What the task asks => Write every line below out again, exactly as given, but leave out the pictures.

Caption-style text data:
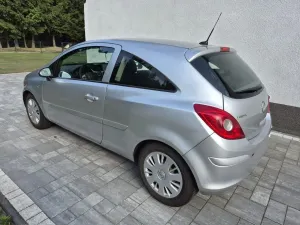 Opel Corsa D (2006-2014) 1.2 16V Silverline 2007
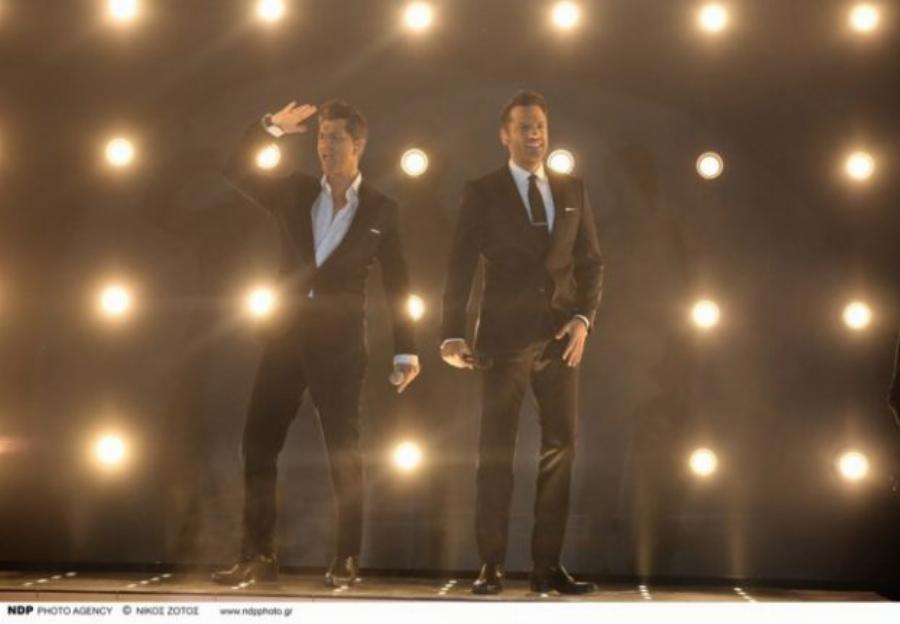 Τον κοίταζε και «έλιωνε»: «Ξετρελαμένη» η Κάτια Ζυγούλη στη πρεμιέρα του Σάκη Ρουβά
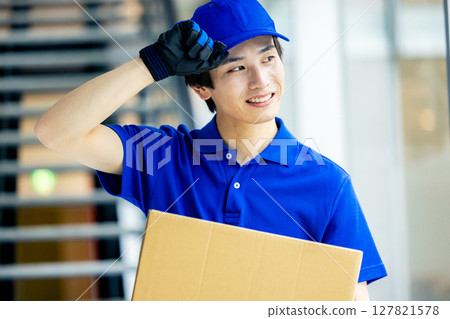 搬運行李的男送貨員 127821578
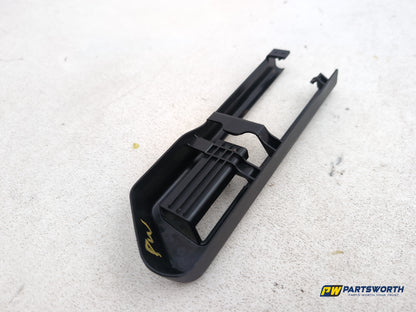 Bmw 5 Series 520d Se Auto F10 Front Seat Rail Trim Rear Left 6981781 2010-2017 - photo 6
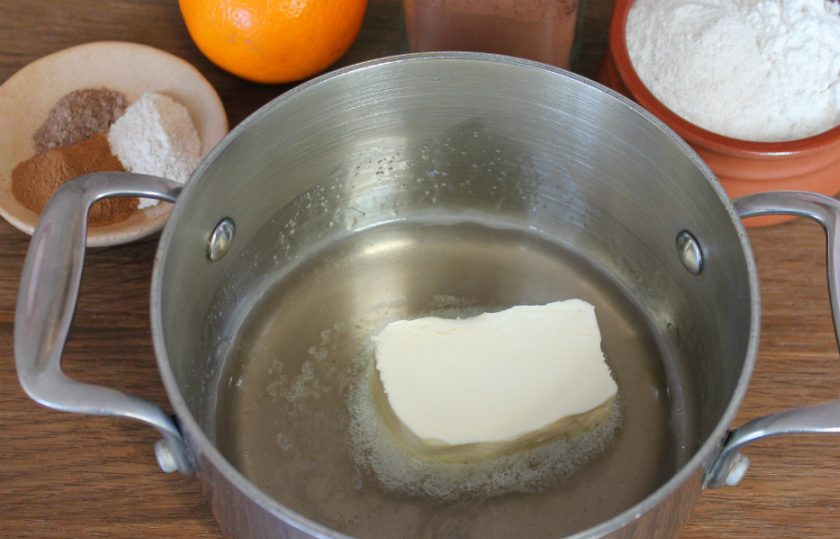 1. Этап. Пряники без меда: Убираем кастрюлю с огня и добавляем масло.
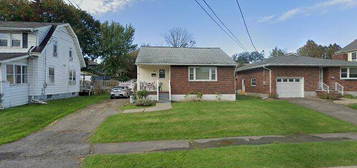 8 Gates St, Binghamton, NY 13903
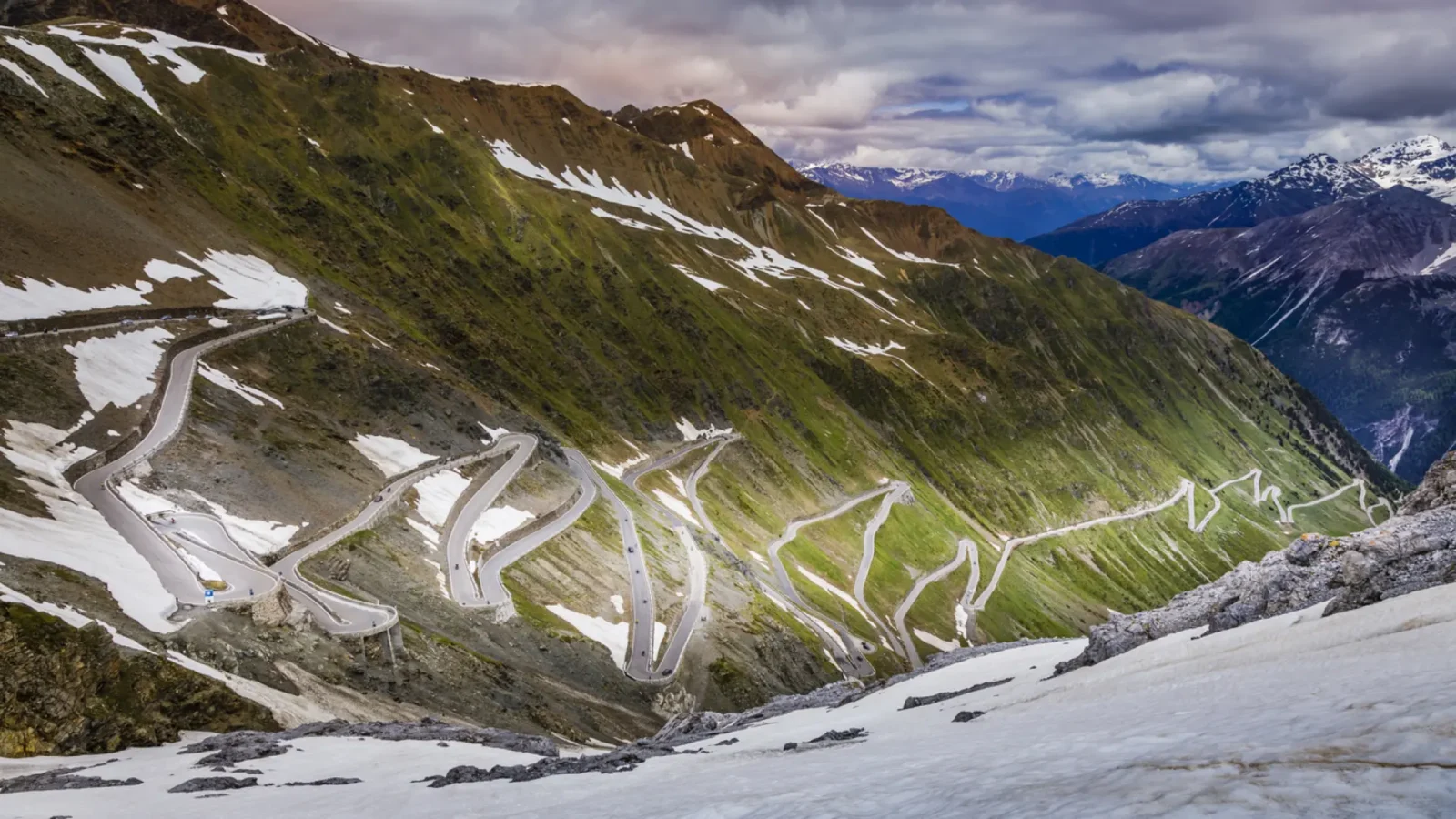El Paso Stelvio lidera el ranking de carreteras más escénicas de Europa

Reply to the task =>
 Opel Corsa D (2006-2014) 1.2 16V Silverline 2007
 Τον κοίταζε και «έλιωνε»: «Ξετρελαμένη» η Κάτια Ζυγούλη στη πρεμιέρα του Σάκη Ρουβά
 搬運行李的男送貨員 127821578
 Bmw 5 Series 520d Se Auto F10 Front Seat Rail Trim Rear Left 6981781 2010-2017 - photo 6
 1. Этап. Пряники без меда: Убираем кастрюлю с огня и добавляем масло.
 8 Gates St, Binghamton, NY 13903
El Paso Stelvio lidera el ranking de carreteras más escénicas de Europa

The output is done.